Plans for Bicester, Didcot and Oxford will be drawn up over the next 18 months. Walking and cycling plans for other parts of Oxfordshire will be considered through the county council’s forthcoming Local Transport & Connectivity Plan.

The county council is already working closely with district councils and partners to create housing developments which are well connected for people travelling by foot and bike.

Cllr Suzanne Bartington, the county council’s cycling champion, said the ambition was to make cycling and walking natural choices for shorter journeys.

Research shows more and more people are already choosing to cycle. Around 40 per cent of adults in Oxford cycle at least weekly, with around 300,000 cycle trips made in Oxford every week and another 150,000 cycle trips in the rest of Oxfordshire.

But concerns still exist over safety and the aim of the LCWIPs is to help identify better cycle routes.

Cllr Bartington said: “We need to know what will help people ride their bikes – whether they prefer more direct on-road routes or protected off-road routes and which factors affect their choices about where to cycle.

“This survey will also help us to identify those real problem hotspots – where people have had near misses, close passes, obstructions which have made it difficult to cycle. We can then prioritise these for improvements.”

The survey closes on September 6. To take part please click the link Oxfordshire Cycle Survey 2019 and then click the box “other ways to respond to this consultation”.

For any queries about the survey, please respond to this email CycleSurvey2019@Oxfordshire.gov.uk

Where investment is already making a difference

Backhill pedestrian and cycle tunnel, Milton

A new foot and cycle path costing £360,000 was created beneath the railway to avoid a longer route via Park Drive. The new path is lit to minimise light pollution for local wildlife and features a shared Tarmac track for cyclists and pedestrians.

South Oxfordshire District Council cycling champion Cllr Sam Casey-Rerhaye said: “The work that’s been done by the county council for Backhill tunnel is really, really good. It has cut off about 20 minutes journey time so cyclists can come direct to Milton Park from Didcot. You can see how smooth it is and how easy it is to use.

“It’s really important we continue to work in partnership with the county council to promote cycling and get the cycle routes in the right place, make sure they’re safe and accessible and really promote cycling across the area.”

Vale of White Horse District Council cycling champion Cllr Eric de la Harpe added: “The new cycle tunnel has made it possible for colleagues of mine who were otherwise dissuaded by safety concerns to start commuting to Milton Park by bicycle. I am encouraged by the increasing number of cyclists that I see on my way to and from work.

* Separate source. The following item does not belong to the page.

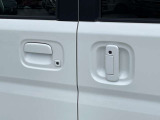 スイッチひとつでスライドドアは自動解錠&自動オープン。荷物で両手がふさがって いても、携帯リモコンを取り出すことなく、スマートに操作できるワンアクションパワースライドドア (後席左)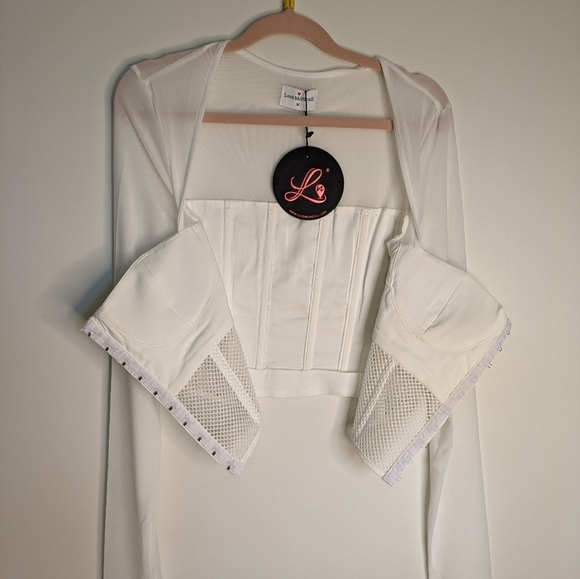 Eye Catching White Mesh Long Sleeve Statement Top - Picture 5 of 10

Things are moving in the right direction but we need more people to join us.”

Thames Path, Oxford

Work costing about £1.8m has seen a 2.4 mile stretch of the towpath widened up to three metres where possible and the provision of a new surface. The improvements between Hinksey Stream and Friars Wharf have provided greater comfort and experience for the many and varied users of the towpath.

Oxford City Council cycling champion Cllr Louise Upton said: “It’s vital for us to work with the county council as the transport authority and there have been some really good examples of best practices.

“I love the new riverside route. If the towpath is part of your commute to work it’s absolutely gorgeous. I’m really delighted that the county council has resurfaced it like this.”

Bicester

Oxfordshire County Council has been working in partnership with Cherwell District Council and Bicester Town Council to improve Bicester’s cycling infrastructure. This has included the Bicester Wayfinding Project, a comprehensive network of signage encouraging people to walk and cycle to destinations across the town, linking in new housing developments like Elmsbrook.

Cherwell District Council cycling champion Cllr Jason Slaymaker said: “It’s very important that Cherwell has a good working partnership with the county council to enable us to work together on cycling projects that benefit the district’s residents.

“The new cycle link between Elmsbrook and Bure Park enables people to cycle into town without having to go on the road. It’s great because it enables residents to access facilities more freely.”